Lufengosaurus (CollectA)

Lufengosaurus lived during the early Jurassic period and is a primitive sauropodomorph from China.  A full  osteology of Lufengosaurus was done in 1941 and was the first complete dinosaur skeleton mounted in China. Fortunately, much is known on its size and shape as there is quite a lot of known material.   Despite being the first mounted dinosaur in China, it has not had much love in the toy world.  The 2010 CollectA Lufengosaurus is one of the few toys that has been made of this interesting animal.   The only other toys  that I have seen, is a generic cotton filed PVC by Guangdong Big Orange Toy company and one that was recently released by PSNO.

This look and quality of this toy falls into CollectA’s interesting and frustrating early middle period (approx 2010 -2012), in which the models they produced were a step up in design and color than the early darker Procon years.  The middle period figures tended to be hit a miss in terms of accuracy and look.   I guess the question remains, is this figure a hit or is it a miss. Lets take a closer look.

About the toy:  At 5 in (12.7 cm) long and 6.5 in (16.51 cm high) the toy is on the larger side for the CollectA standard range.  The pose is static yet maddeningly interesting.  The figure has a deer in headlights look to it, or better yet, looks like a kid who just got caught by their parents with their hand in the cookie jar.  The figure is standing upright and its neck is twisted to the its right side at 95 degree angle.  Its arms are slightly bent, elbows in, and the hands are pronated making it look like it is pushing open a door.  The legs are evenly spaced and bent, and the figure is resting on its tail.  The hands and feet have five digits, with the fifth digit being small.  On the hands, at the end of each digit, is a sharp claw.  The claw on the first digit “thumb” is bigger than the rest.

As for the paint job, it is colored for a romp through the forest.  A light greyish brown covers the tail, torso, neck, and head.  The legs, arms, and the underside of the figure are in a darker shade of greyish brown, it is almost charcoal in color.  The arms and legs are dry bushed in a lighter grey.  Starting at the base of skull, there is faint green striping all the way down to the tail.  On the torso the green striping extends down to the mid flank, shoulders, and hips.  With the exception of the legs past the hips, arms past the shoulders, and the underside, the figure is covered in small black lines.  Inside the mouth, the teeth are uniform white and inside the mouth looks to be salmon.  The eyes are orange with black pupils.

The texture on this figure is ok, but nothing to get too excited about.  The body is covered in wrinkles.  Big wrinkles, little wrinkles, wrinkles of all sizes.  The figure is missing some of the details that that we tend to take for granted, such as nice  skin folds.  The skin is rather uniform outside of the wrinkles, no sagging skin, or skin being pulled taunt.  There is some heft to the figure but absent are fat rolls, and muscle bulges.
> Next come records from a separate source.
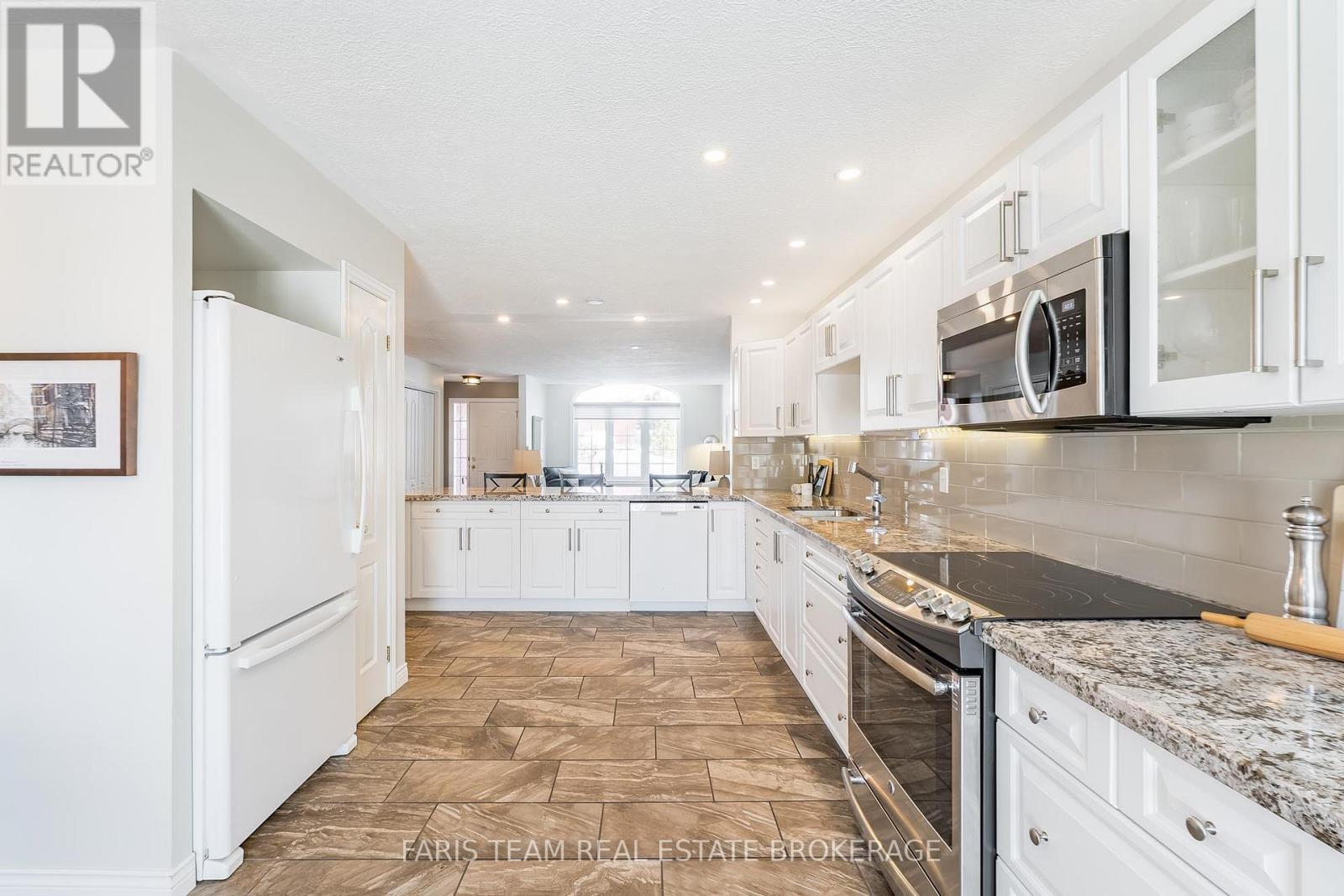 4 - 90 Thompsons Road, Penetanguishene, Ontario  L9M 2H1 - Photo 12 - S12756542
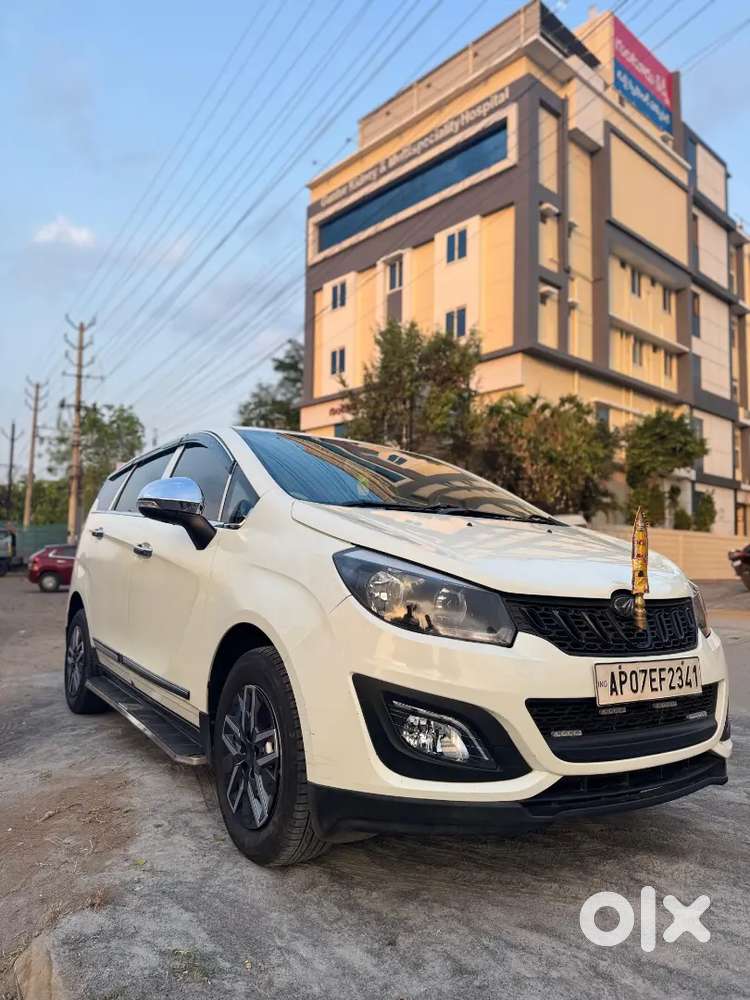 Mahindra Marazzo Diesel 2018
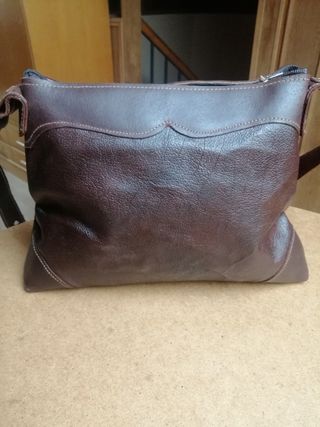 BOLSO DE PIEL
Play ability:  This is an awkward toy for kids.  Due to the pose, I think many kids would pass on this toy for other dinosaurs.  It doesn’t act like a attacking predator, or a defending herbivore.   Nor is it in good position to be a fun herbivore with the upright pose and neck pointing to one side, it just ends up being awkward.  Kids are kind of confused on what to do with this figure.  To quote my son, “the body is nice, but the neck is weird.”  The paint job is tough, so it can stand up to some rough play.  The tail, neck, and limbs have some bend ability and there are no sharp edges.


Overall:  There are many little inaccuracies with this toy, such as the generic head, the slightly too short neck, and the pronated hands.  I understand it is harder to do on small models, but another thing that bothers me on this figure is the fact the teeth are uniform, and blunt, when in reality, Lufengosaurus had sharp teeth. Its not all bad, there are some good accurate things to say about this toy.  The front legs are short, the large thumb claw is present, and it accurately depicts the animals ability to rise on its back feet.  I could go further into the scientific accuracy, but I didn’t choose the toy for it accuracy.

At the time, (not anymore thanks to PNSO), this was the only Lufengosaurus toy out there.   One of things that I liked the most about this figure was the interesting paint job.  It looked like a German tank from World War 2, with hinterhalt-tarnung camouflage.  It is a really snazzy look.  I also thought the pose was interesting.  Of course, once I got it into my hands and tried to find a way to display it, I learned that this figure is very hard to display due to its pose.  It is hard to find an angle were it looks good and not pushing other figures off the shelf.

Of course if you are a creative person and looking to do something interesting, there are some possibilities.   For example, if you have a library, you could easily turn this figure into a book end.  Glue or nail it to a thin piece of metal, or plastic, and presto, it is holding up your book collection.

At the end of the day, this figure is more of a miss than a hit.  With its glaring inaccuracies, and its awkward, hard to display pose, it is easy to pass on.  Of course if you like how it looks or a fan of the species, go for it, as it is at a low cost and easy to find online.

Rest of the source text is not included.